Begin at the line below that has "هتل Pension Logroño". Stop after the line that has "XHamster Porno - Little", repeating each line exactly and leaving out the pictures.

(WORKING DATA):
* * * *
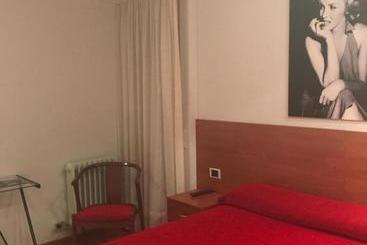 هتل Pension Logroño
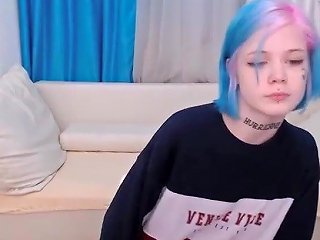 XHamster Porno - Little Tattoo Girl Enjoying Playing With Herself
* * * *
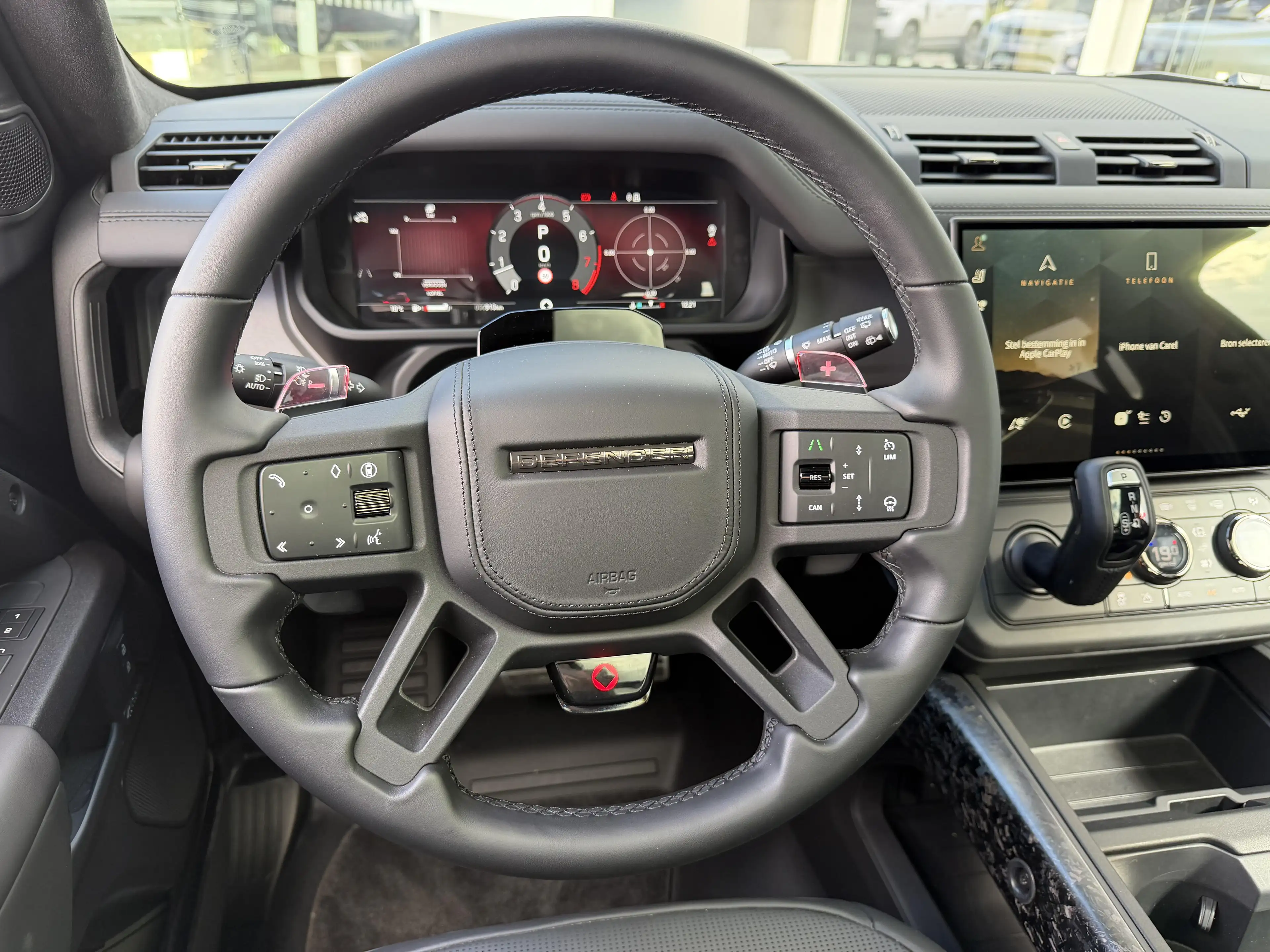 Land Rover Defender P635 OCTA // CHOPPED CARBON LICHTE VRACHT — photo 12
* * * *
(EXPECTED ANSWER):
 هتل Pension Logroño
 XHamster Porno - Little Tattoo Girl Enjoying Playing With Herself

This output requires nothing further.